■ **TASK**: Every line below from the one with "book cover of Maplecroft by Cherie Priest" through the one with "Xiaomi Redmi AirDots Unboxing" is to be repeated exactly, with no picture among them.

■ **DATA SHOWN**:
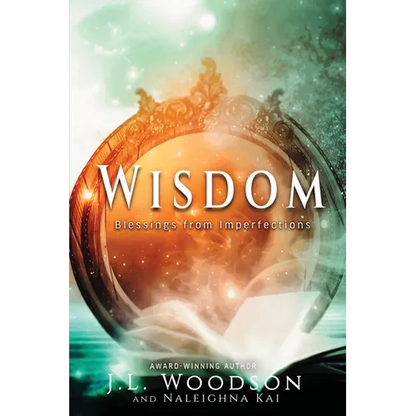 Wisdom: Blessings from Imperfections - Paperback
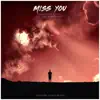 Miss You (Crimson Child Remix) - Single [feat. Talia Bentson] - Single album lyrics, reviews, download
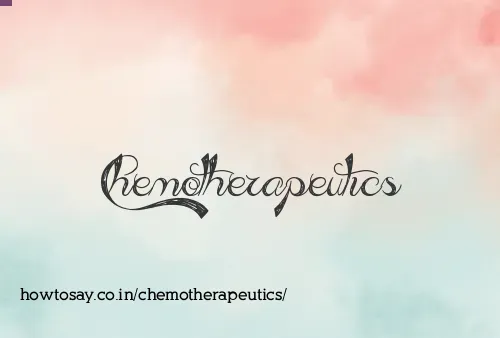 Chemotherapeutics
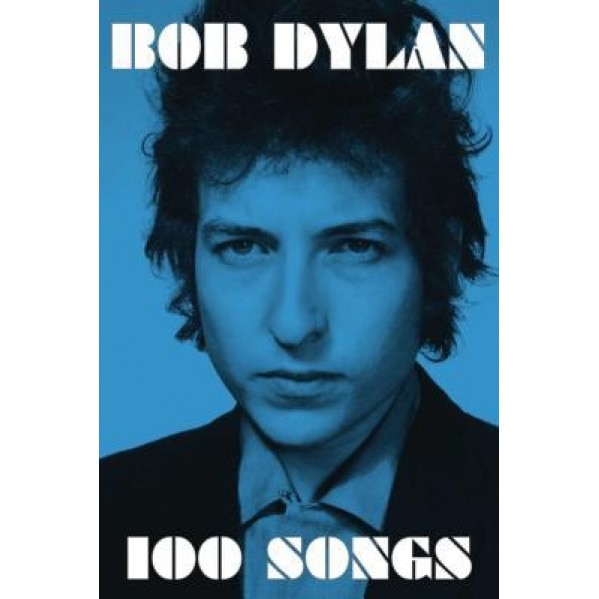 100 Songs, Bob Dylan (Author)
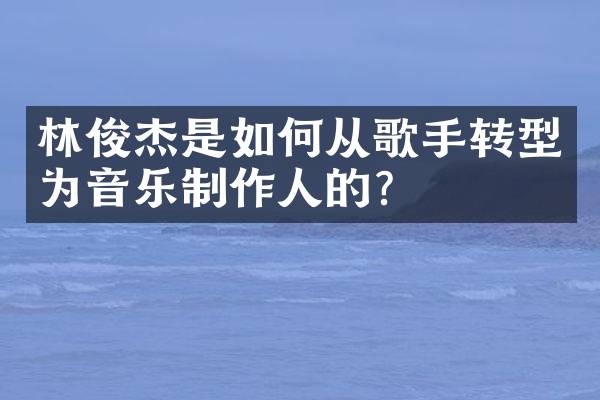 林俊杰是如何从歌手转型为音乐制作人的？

* * *

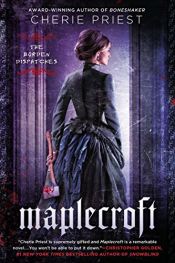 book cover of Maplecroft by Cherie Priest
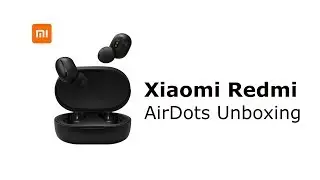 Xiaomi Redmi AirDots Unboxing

■ **EXERCISE ANSWER**:
 book cover of Maplecroft by Cherie Priest
 Xiaomi Redmi AirDots Unboxing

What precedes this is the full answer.